→ Material to process:

::::::

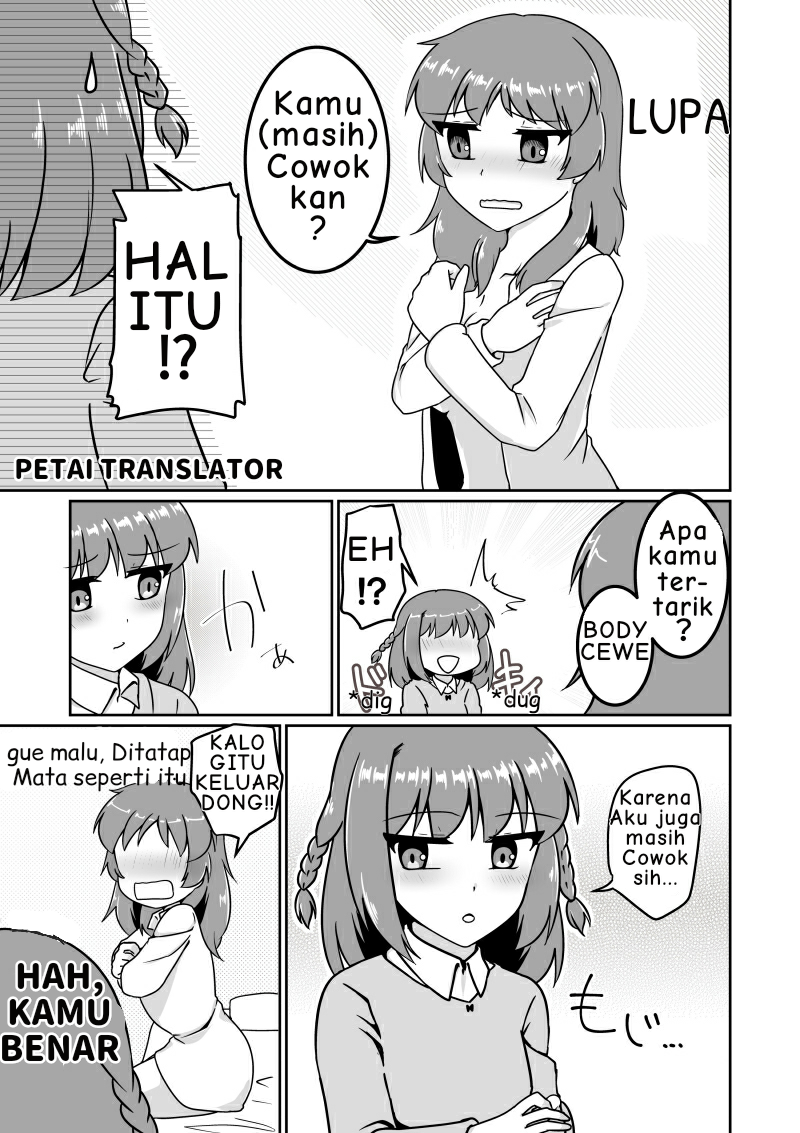 The Story of a Man Turned Girl Who Fell in Love with a Trap Chapter 2 - halaman 4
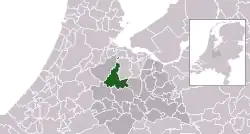 Location of Stichtse Vecht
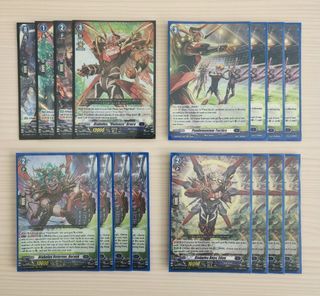 *FAST DEAL* WTS/WTT G3 Bruce Persona Ride Deck Cardfight Vanguard Overdress ENG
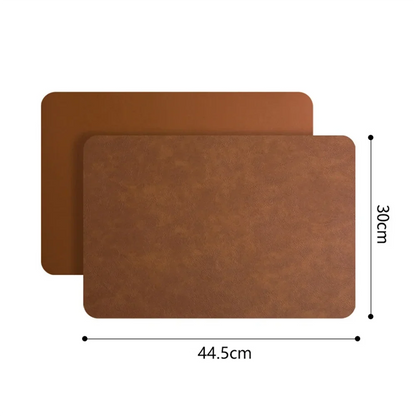 DuoMat Leather Placemats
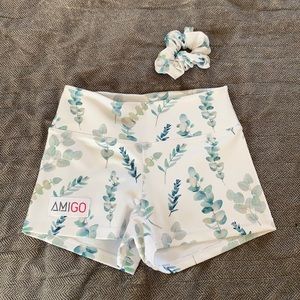 Amigo lifting shorts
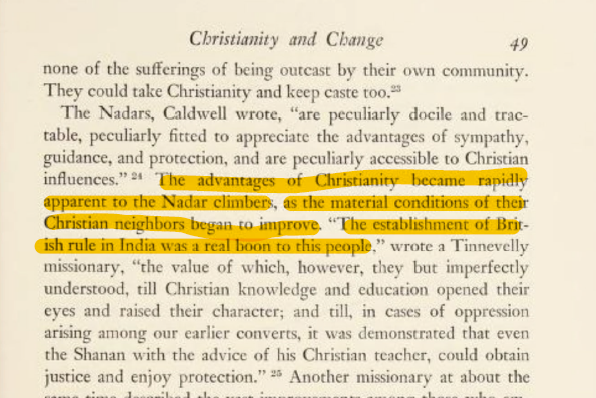 However, with conversion to Christianity by some, they got some recognition and social status.With start of NEW Tea plantation in Ceylon and Sugar factories, Nadar's started to earn and save some money to afford 'CLOTH' a luxury. Some turned land owner and few tree owners.7/n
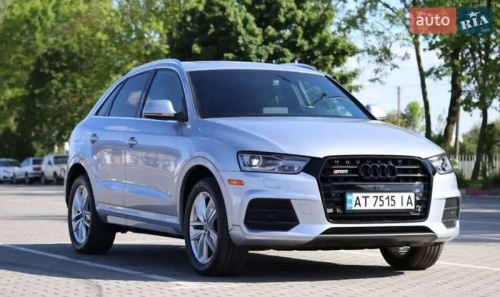 Audi Q3 2016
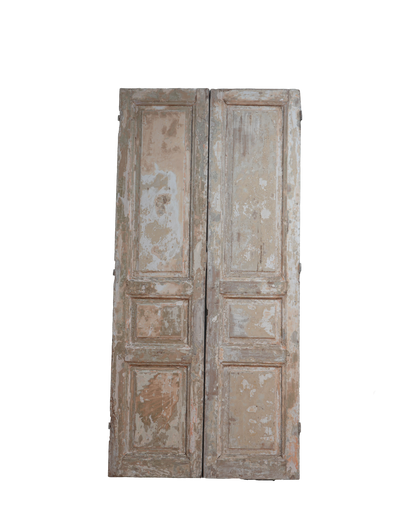 French Inset Panel Antique Door AG080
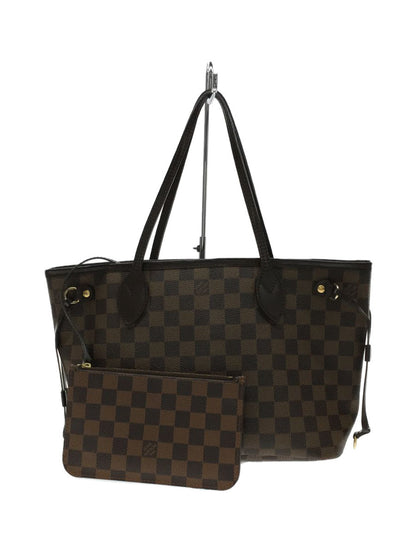 Louis Vuitton Neverfull PM Damier Ebene Brw Storage Bag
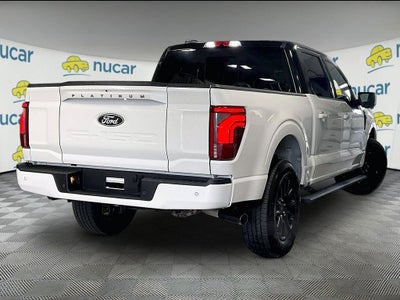 2025 Ford F-150 Platinum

::::::

→ Work request: The result is an exact copy of the lines from the one holding "French Inset Panel Antique Door AG080" through the final line of the data above, both ends included, minus the pictures.

→ Solution to this exercise:
 French Inset Panel Antique Door AG080
 Louis Vuitton Neverfull PM Damier Ebene Brw Storage Bag
 2025 Ford F-150 Platinum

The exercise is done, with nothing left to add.